Italian partners keep crowds, each other, laughing
Posted 5/18/2010 11:09:00 AM
Fabio Viviani and Jacopo Falleni are longtime business partners and best buddies. If they decide to give up cooking, they might want to try a comedy act. During their demonstration at Taste, a food show in Myrtle Beach, they kept the crowd laughing. But the two of them laughed most of all.
Viviani’s message during his cooking demonstration was all about the beauty of simple foods.
“You don’t want to reinvent tradition. It would be like me telling you that there is a better way to make babies.”
He cautioned about taking care where you buy fresh produce “because sometimes farmers use chemicals and they spray those chemicals to keep the bugs away.”
Ask yourself this question before you eat produce that has been treated with pesticides, he said. “If a bug was not comfortable eating this salad, should you be comfortable eating it?”
Don’t worry if you see a little bug hole in a spinach leaf, he said. “Better to have a hole in the leaf than a dead bug on the side.”
But the two young Italians really shone when they were together. Despite their banter, much of it making fun of each other’s slightly broken English, it’s clear they love each other.
“If I go to jail, he will bail me out, and he probably was the one who put me in jail,” Viviani said while introducing his business partner. The two own
Firenze Osteria
in North Hollywood, Calif.
Fallini explains their division of labor: “He takes care of the food and I take care of all the beverages.”
They’ve been friends since they were about 12, growing up in Italy.
Viviani joked about the problem people have pronouncing Jacopo, which starts with a “Y” sound rather than a “J” sound. Sometimes he’s called Jackpot or Yahoo, Viviani said.

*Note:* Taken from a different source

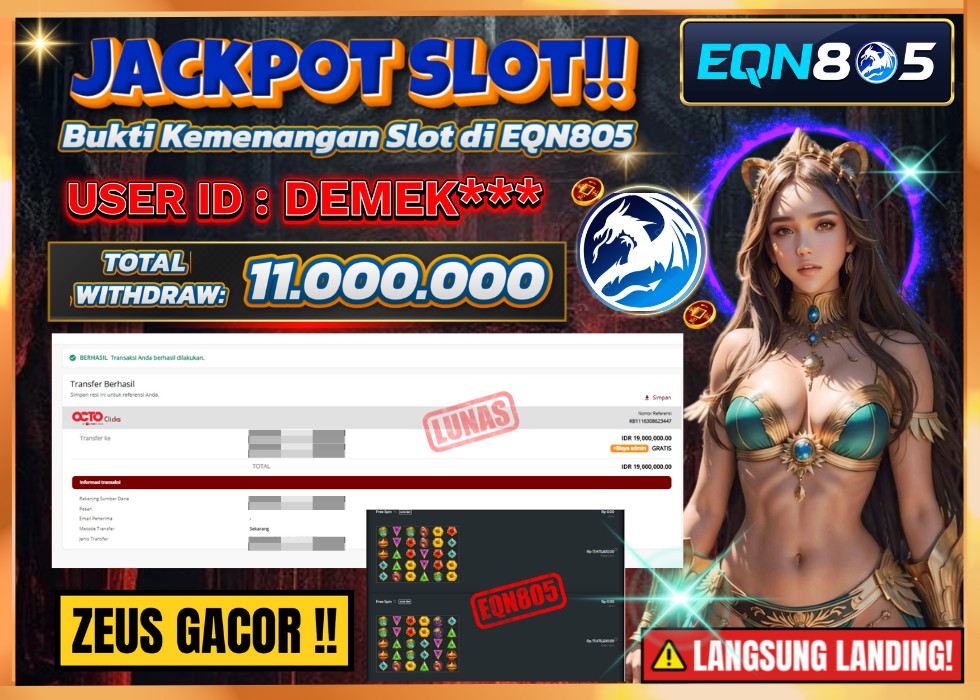 EQN805 JACKPOT  Rp 11.000.000 - LUNAS!!!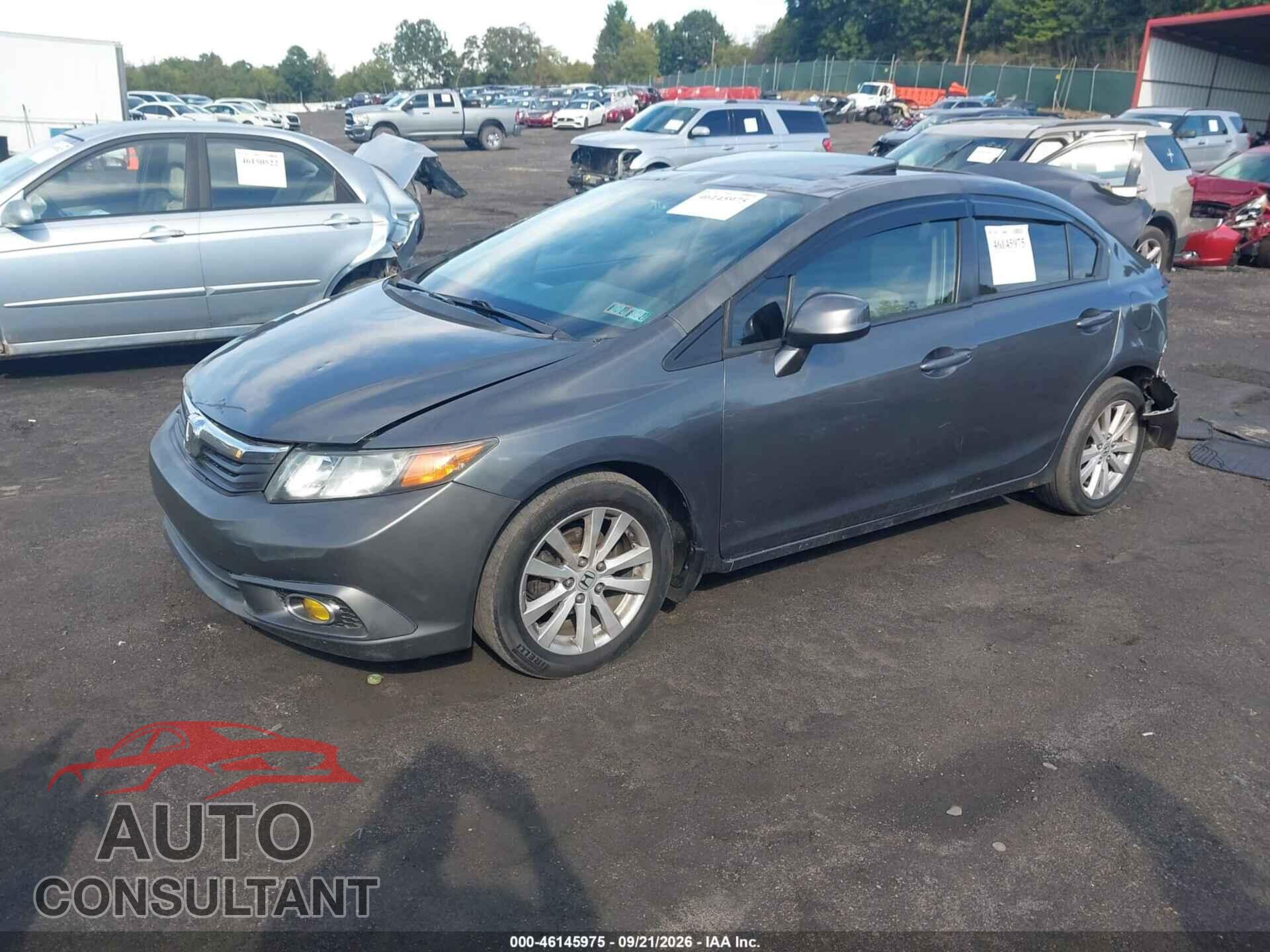 HONDA CIVIC 2012 - 2HGFB2F93CH547853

While Falleni was showing how to make one of his specialty martinis, Tranquility, which features cucumbers, pureed pineapple, Triple Sec and a generous amount of vodka, Viviani worked at the counter behind him, making a sign that he held up behind Falleni.
“He don’t speak English … sorry.”
Viviani, a finalist on season five of Top Chef, has a new book coming out in the fall, “My Son is On Google: Recipes and Memories from an Italian Mom.”
The name came about after he bought his mom a laptop and showed her how to use Google to watch him on TV.
“Now she thinks that Google is the name of the TV show that I’m on, and she tells everybody, ‘My son is on Google.’”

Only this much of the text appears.